Гуляем по вечернему Риму. Из пиццерий и тратторий доносится смех, перемешанный с бряцаньем посуды и обрывками разговоров. Улицы заполнены веселой, беззаботной толпой. Когда сливаешься с ней – чувствуешь, как все тело, каждая его клетка пропитываются жаждой жизни. «Ах, если б умер я в тот миг, \ Я твердо знаю, я б проник \ К богам в Элизиум святой, \ И пил бы нектар золотой. \ А рай оставил бы для тех, \Кто помнит ночь и верит в грех, \ Кто тайно каждому стеблю \ Не говорит свое «люблю»»,- точно передал это ощущение Николай Гумилев.

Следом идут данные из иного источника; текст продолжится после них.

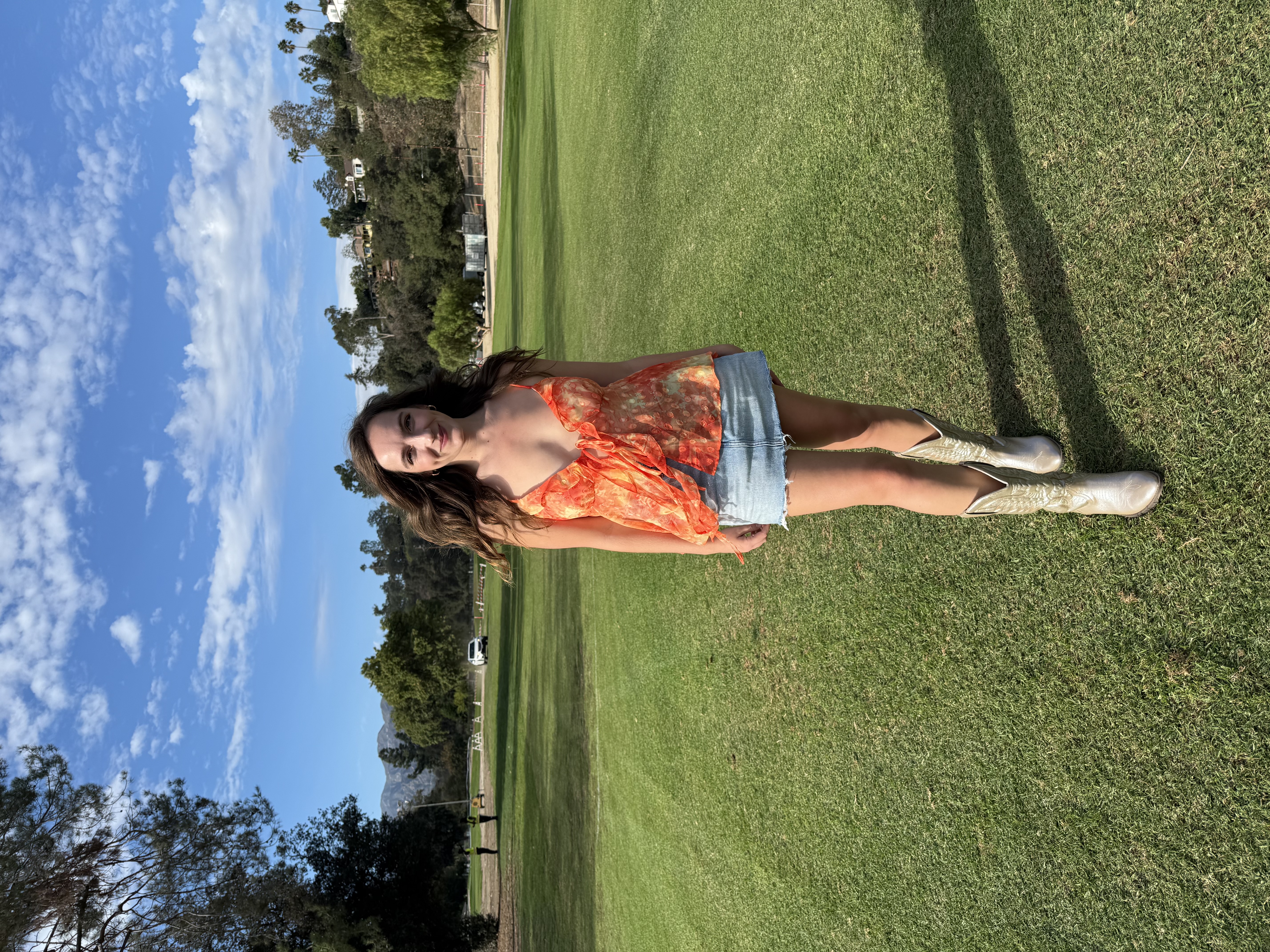 Full body shot of Emily wearing the Jaya Top with jeans and white shoes at a park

Пантеон. Фонтан Треви. Пьяцца Навона. Пьяцца ди Спанья. Убегающие от нее вверх ступени лестницы Тринита дей Монти, как всегда, заполнены молодыми иностранцами . « Они,- пишет о них Луиджи Бардзини,- опираются на древнюю травертиновую балюстраду, усаживаются или растягиваются на ступенях и ждут. Чего или кого ? Сами того не зная, они занимают одно из тех мест, где в далекие времена, сто и более лет тому назад, собирались другие молодые люди – модели и артисты, ищущие работу. Здесь, на травертиновых ступенях, сидели святые монахи с белыми бородами, пираты, пилигримы со своими мисочками, и красивые крестьянки, облаченные в костюмы, готовые молиться перед алтарем какого-нибудь художника, незанятые бандиты в конических шапках и с ершистыми бородами, собранные в сюжетную композицию святые семейства. Были здесь театральные убийцы, Иуды, Вакхи, молодые святые Иосифы, пастухи в накидках из козлиной или буйволиной шкуры, походившие на древних сатиров, бородатые отцы небесные и спустившиеся с холмов крестьяне с жестокими глазами. Сами того не зная, эти молодые иностранцы занимают одно из тех мест, где еще до моделей, воров, убийц и других бедолаг, находили себе азил - неприкосновенное убежище- те, кого разыскивали папские жандармы. Согласно древней привилегии, их не могли арестовать до тех пор, пока они не покинут это место. Стендаль, описывая их, добавляет: «Друзья и родственники честных людей, поселившихся на ступенях, приносили им днем еду, в которой они могли нуждаться». Как и модели прошлого, эти современные молодые люди напоминают маскарадных персонажей и - в своей потертой одежде – , кажется, тоже убежали из дома и ищут азил. Многих из них, несомненно, в их бегстве также поддерживают друзья и родственники. Итальянские власти разрешают им жить, как им хочется, вести жизнь без правил, одеваться , как вздумается, будто они защищены какой-то древней привилегией. От каких не имеющих имени, неизвестных преступлений , от каких ужасов бегут сегодня эти молодые иностранцы? Какая загадочная пустота их духа заполняется, когда они просто вступают на итальянскую землю?»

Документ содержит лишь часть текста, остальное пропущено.